Project popularity indicators in the PyPI repository
Reinventing your own bicycles is an exciting and very important activity in the life of every developer. But sometimes you're lacking inspiration, or the clock is ticking, and you go in search of a ready-made project to solve your problem. For example, let's say you want to find a library that works like requests, but with request caching and TTL support. You just have to use the Python Package Index repository search engine, from which you download packages using the "pip install..." method by default, and searching for "requests cache" you immediately find several packages to choose from:
- django-in-request-cache
- django-request-cache
- requests-cache
- requests-cache-latest
- requests-etag-cache
- requests-filecache
Then you can choose the package that best suits your needs. Checking the info on the page, you see that, in addition to the description, the projects have reputation statistics.
Figure 1. An example of a popular package
A solid 1000 stars on a GitHub package is a strong argument for choosing it, since it seems to be popular among developers. And even if another package on the list seems to fit your needs slightly better, chances are that the package's reputation will play a major role in your final decision.
Project statistics on GitHub are one of the most commonly used ways to assess the quality of a project and the trust the community has in it. However, this only works for package developers who act in good faith. When investigating malicious packages, we often find that attackers sometimes "tweak" the statistics of their projects in PyPI, making them more attractive to potential victims. We decided to find out how serious this problem is.
The perspective of a package publisher
The administrators of the Python Package Index have tried to make it very simple to add a package to PyPI.org: all you have to do is create an account and then upload your package release via the twine console utility. For added convenience, there are detailed instructions explaining all the possible pitfalls in the process: Python Packaging User Guide: Packaging Python Projects.
When following the tutorial on creating a package on PyPI.org, in the Configuring metadata section you need to create a pyproject.toml with the following contents:
[project]
name = "example_package_YOUR_USERNAME_HERE"
version = "0.0.1"
authors = [
{ name="Example Author", email="author@example.com" },
]
description = "A small example package"
readme = "README.md"
requires-python = ">=3.7"
classifiers = [
"Programming Language :: Python :: 3",
"License :: OSI Approved :: MIT License",
"Operating System :: OS Independent",
]
[project.urls]
"Homepage" = "https://github.com/pypa/sampleproject"
"Bug Tracker" = "https://github.com/pypa/sampleproject/issues"
In this section, you're asked to change only the name of the project, leaving the rest of the information the same.
After completing the guide, you might end up with a suspicious situation on your page: your newly minted project already has some nice looking statistics.
Figure 2. Hello, Habr!
At this stage, you realize that something really strange is going on: there's no way of validating that this "sampleproject" project really belongs to you, but the statistics came from it. This leads to the kind of malpractice that we see with malicious packages.

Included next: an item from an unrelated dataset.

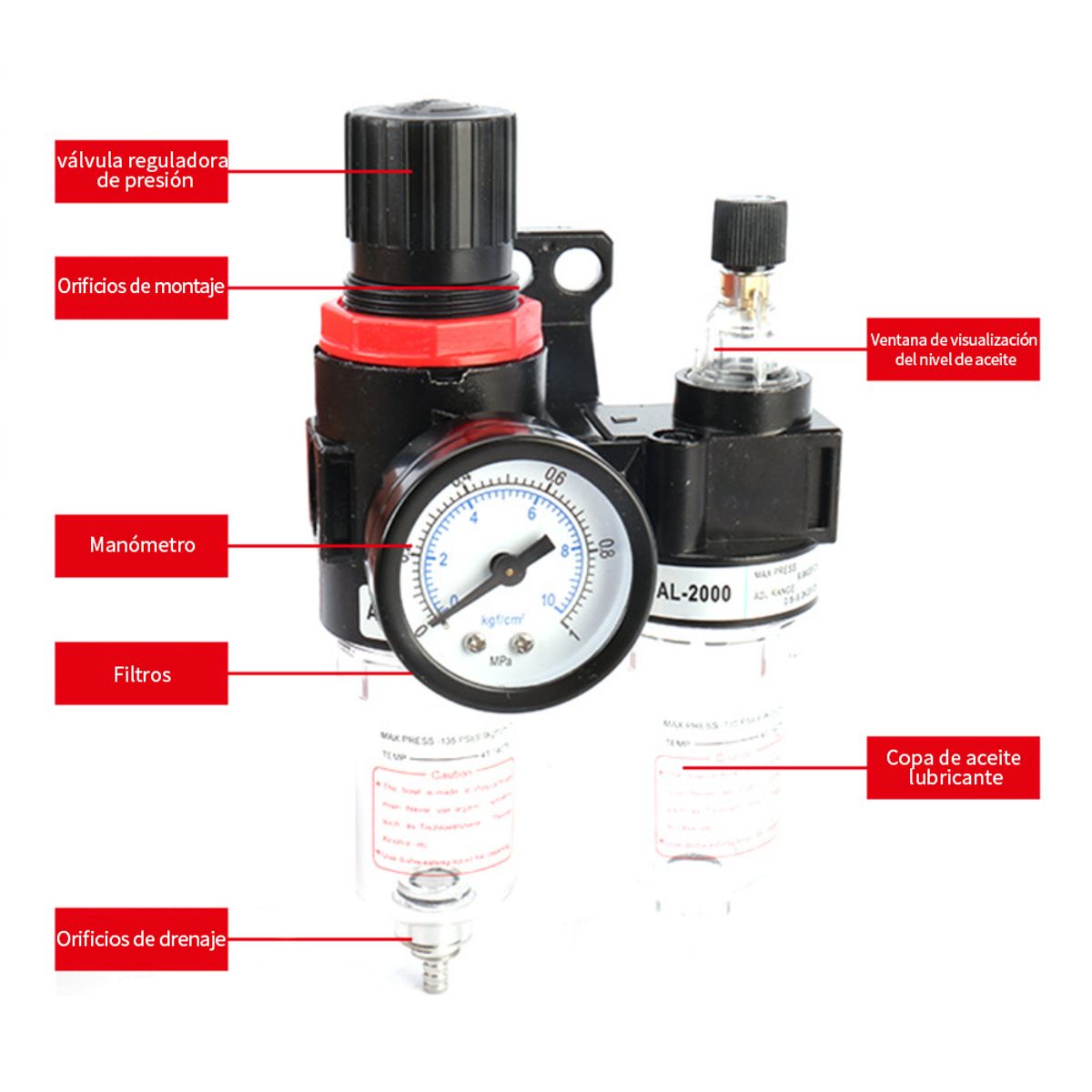 ATURE - Procesador De Aire Filtro De Aire Regulador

Figure 3. An example of a malicious package
Figure 4. The package installs the miner
Statistics
Our cybersecurity threat research team began monitoring PyPI.org a year ago, in March 2022. We collected information not only on all the existing projects on PyPI, but also on those that were removed during the year. In this analysis, we will try not to resort to auditing the code itself, but refer only to the metainformation available on the project page: the malicious contents can differ depending on the attacker's goals (we wrote about these goals in the previous article), but we're interested in looking just at the data, independent of the project's logic.
Figure 5. GitHub repository rankings according to use as a homepage in PyPI projects
As you can see in the diagram above, the most popular repository is sampleproject. This is not surprising: it's owned by the Python Packaging Authority and is used in the packaging instructions mentioned above.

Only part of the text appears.